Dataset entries

# # #

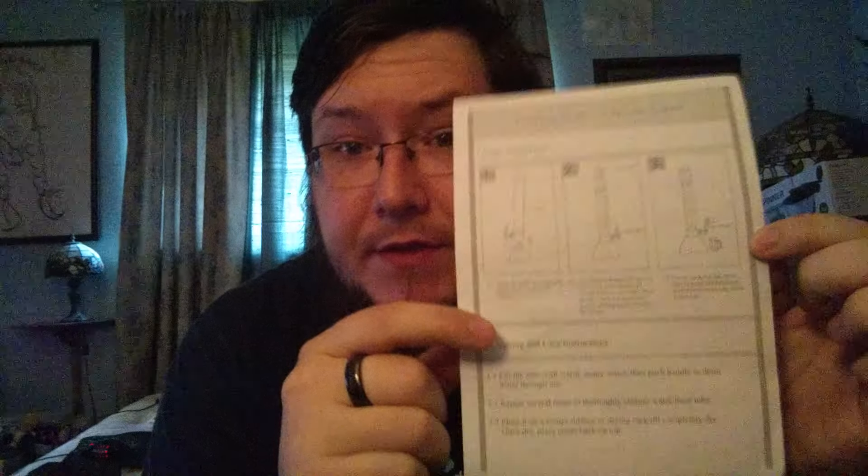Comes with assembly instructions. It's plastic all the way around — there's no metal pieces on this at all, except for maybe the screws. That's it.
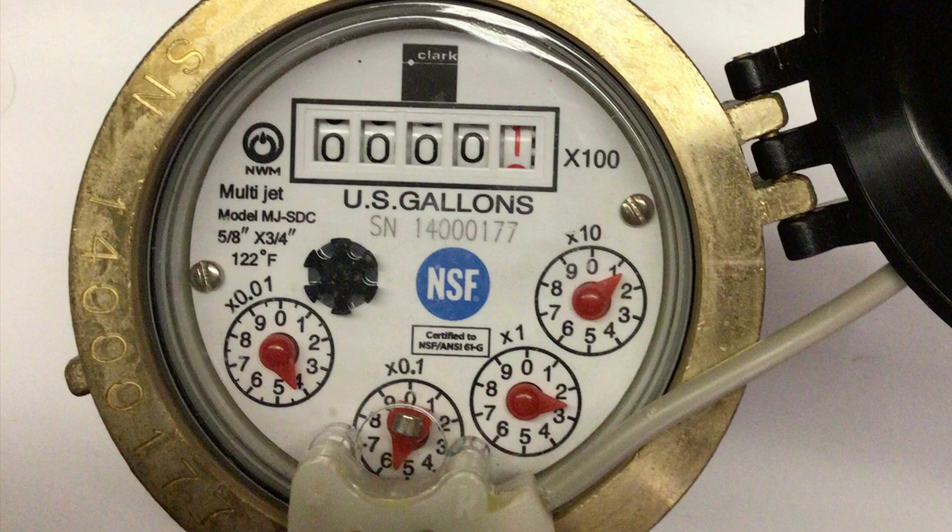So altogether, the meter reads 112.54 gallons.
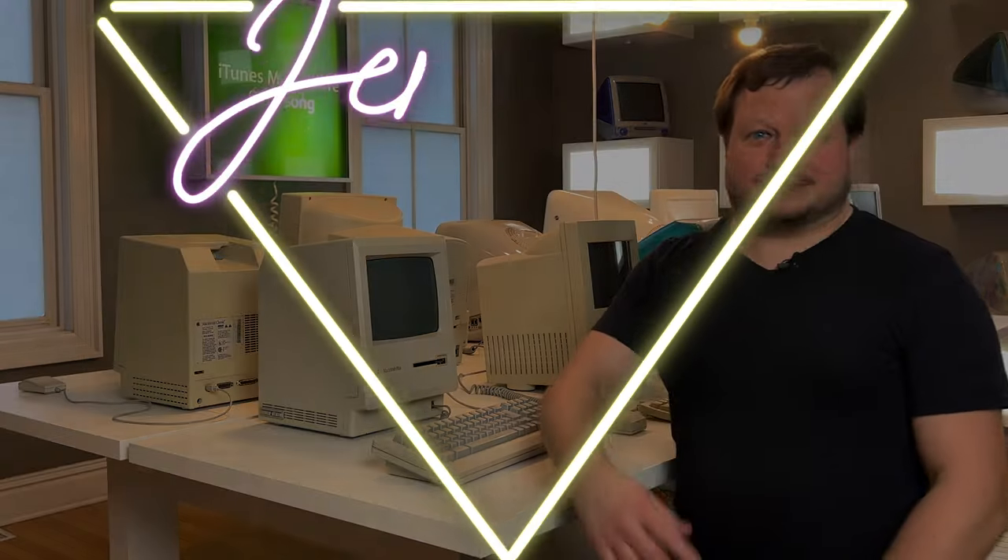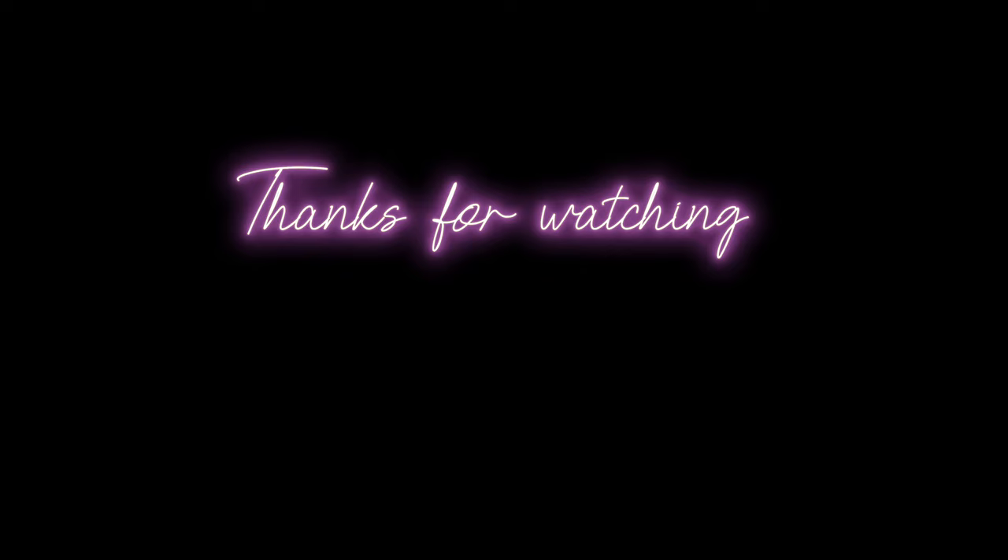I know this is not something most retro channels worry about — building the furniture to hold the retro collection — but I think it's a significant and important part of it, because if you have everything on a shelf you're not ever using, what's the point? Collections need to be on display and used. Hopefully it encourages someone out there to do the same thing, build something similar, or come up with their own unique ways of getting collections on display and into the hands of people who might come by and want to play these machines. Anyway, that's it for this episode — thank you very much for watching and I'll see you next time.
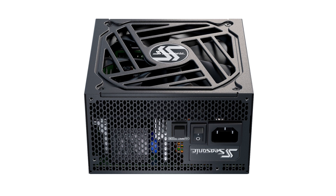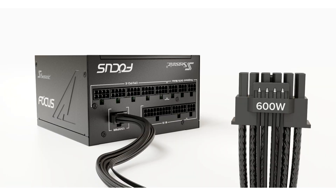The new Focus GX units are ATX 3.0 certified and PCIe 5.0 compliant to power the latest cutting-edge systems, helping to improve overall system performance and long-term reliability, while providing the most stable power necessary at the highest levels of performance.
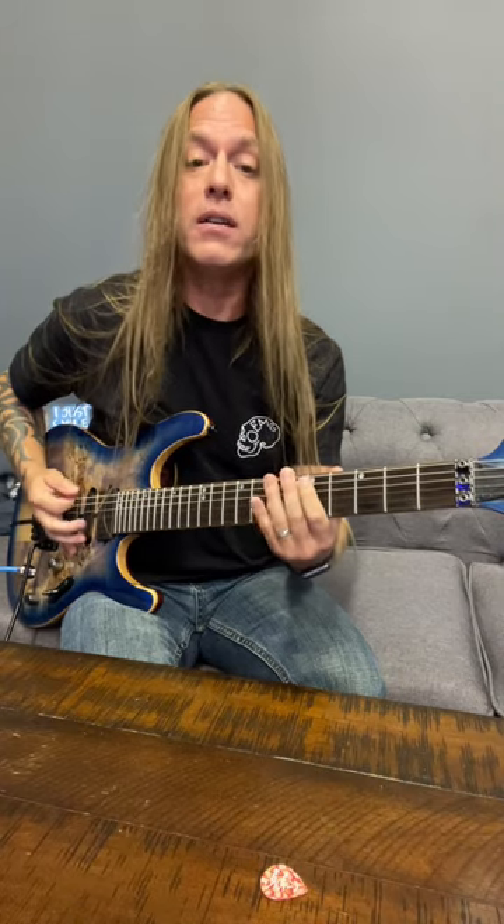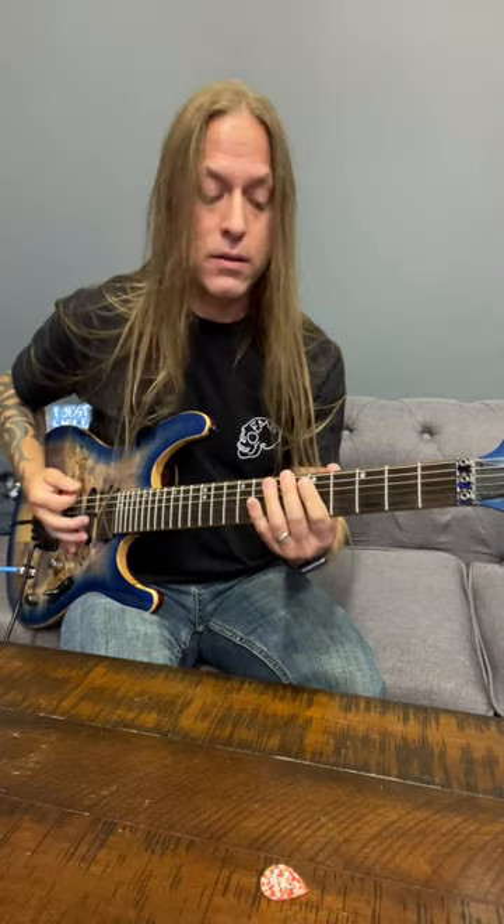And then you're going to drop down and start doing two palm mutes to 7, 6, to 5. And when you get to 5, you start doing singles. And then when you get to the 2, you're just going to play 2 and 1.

# # #

Output exactly and only the lines from the line containing "The new Focus" to the end of the entries, both included, and omit every picture.

Exercise answer:
The new Focus GX units are ATX 3.0 certified and PCIe 5.0 compliant to power the latest cutting-edge systems, helping to improve overall system performance and long-term reliability, while providing the most stable power necessary at the highest levels of performance.
And then you're going to drop down and start doing two palm mutes to 7, 6, to 5. And when you get to 5, you start doing singles. And then when you get to the 2, you're just going to play 2 and 1.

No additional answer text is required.